Namun, bila reforma agraria itu ditujukan pada petani dan masyarakat biasa yang cenderung ke arah pedesaan, bagaimana penerapan reforma agraria di tempat yang padat penduduk? Misalnya, sebagai contoh, akan dibahas bagaimana penerapan reforma agraria di Jakarta Selatan.


Penerapan Landreform/Reforma Agraria di Jakarta Selatan


Implementasi reforma agraria di wilayah urban padat penduduk
Implementasi reforma agraria di wilayah urban padat penduduk

Di Jakarta Selatan, sebagai wilayah urban padat dengan nilai tanah tinggi dan kepemilikan yang mayoritas sudah mapan, reforma agraria lebih difokuskan pada legalisasi aset dan penyelesaian konflik pertanahan. Kasus-kasus yang sering muncul melibatkan sengketa batas tanah, tumpang tindih sertifikat, dan warisan tanah yang tidak jelas statusnya. Program PTSL memang telah dijalankan di beberapa kelurahan, tetapi redistribusi tanah dalam arti pembagian lahan kepada warga miskin hampir tidak mungkin terjadi karena keterbatasan lahan negara. Maka, fokusnya lebih pada peningkatan kepastian hukum dan mediasi konflik, bukan distribusi ulang.


Di Jakarta Selatan, wilayah urban padat dengan nilai tanah tinggi dan dominasi kepemilikan mapan, reforma agraria lebih diarahkan pada legalisasi aset dan penyelesaian konflik pertanahan. Program seperti Pendaftaran Tanah Sistematis Lengkap (PTSL) dijalankan untuk memberikan kepastian hukum bagi warga yang belum memiliki sertifikat tanah. Namun, redistribusi tanah hampir tidak dimungkinkan karena keterbatasan tanah negara dan tingginya harga lahan.

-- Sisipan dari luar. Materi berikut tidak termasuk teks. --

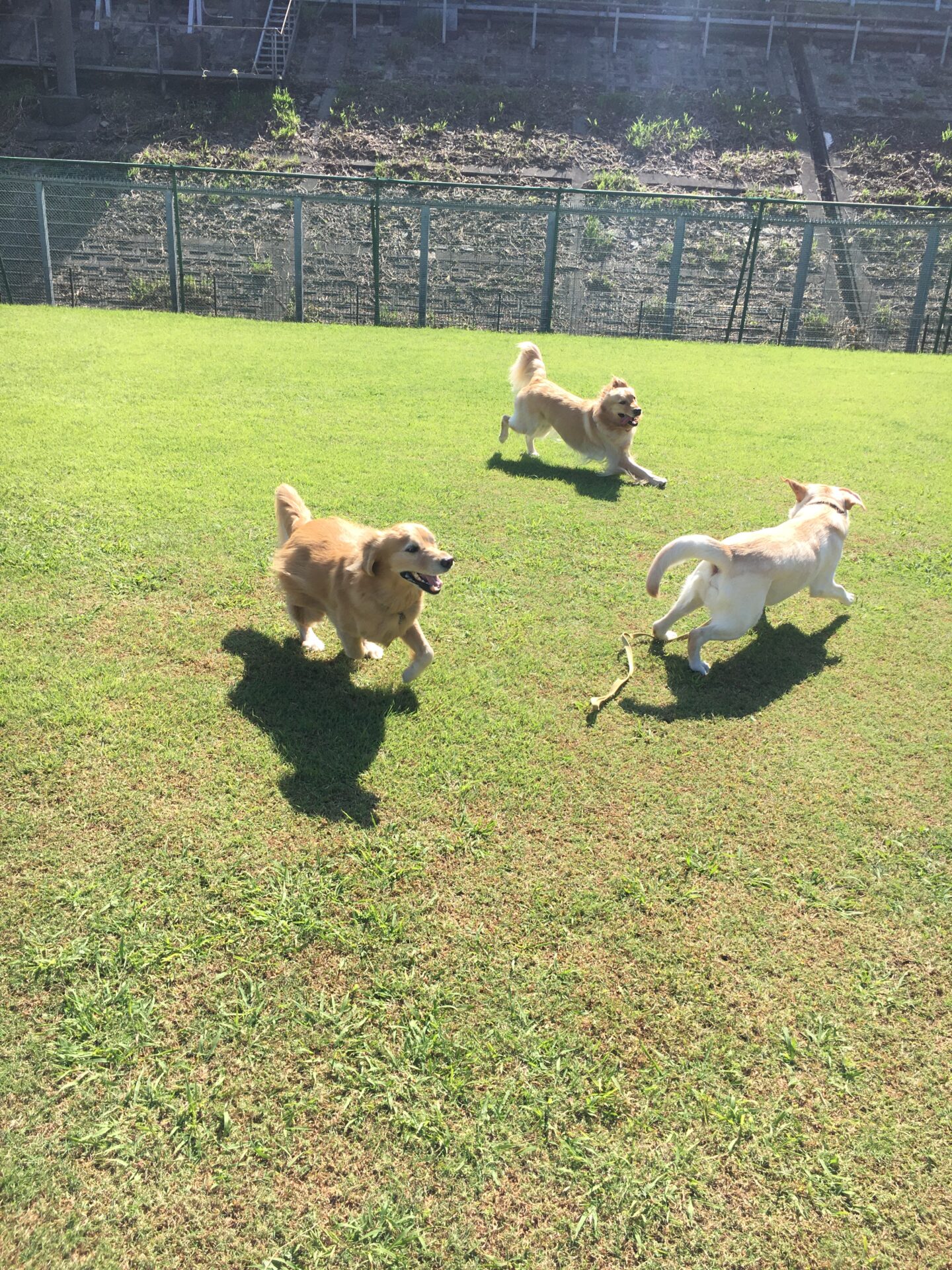 ファイル 8650-2.jpeg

Oleh karena itu, implementasi reforma agraria di Jakarta Selatan lebih menekankan pada penataan administrasi pertanahan, mediasi konflik batas tanah, dan penertiban dokumen warisan atau kepemilikan ganda. Tujuannya bukan redistribusi fisik lahan, melainkan penciptaan ketertiban hukum dan tata ruang yang berkeadilan. Hal ini mencerminkan bahwa reforma agraria di wilayah urban bersifat administratif dan legalistik, bukan struktural seperti di wilayah pedesaan.


Namun, pertanyaan besar tetap terbuka: apakah legalisasi aset di kota bisa dianggap sebagai wujud keadilan agraria yang sejati? Atau ia hanya menjadi strategi teknokratik yang menghindar dari problem mendasar ketimpangan kepemilikan lahan?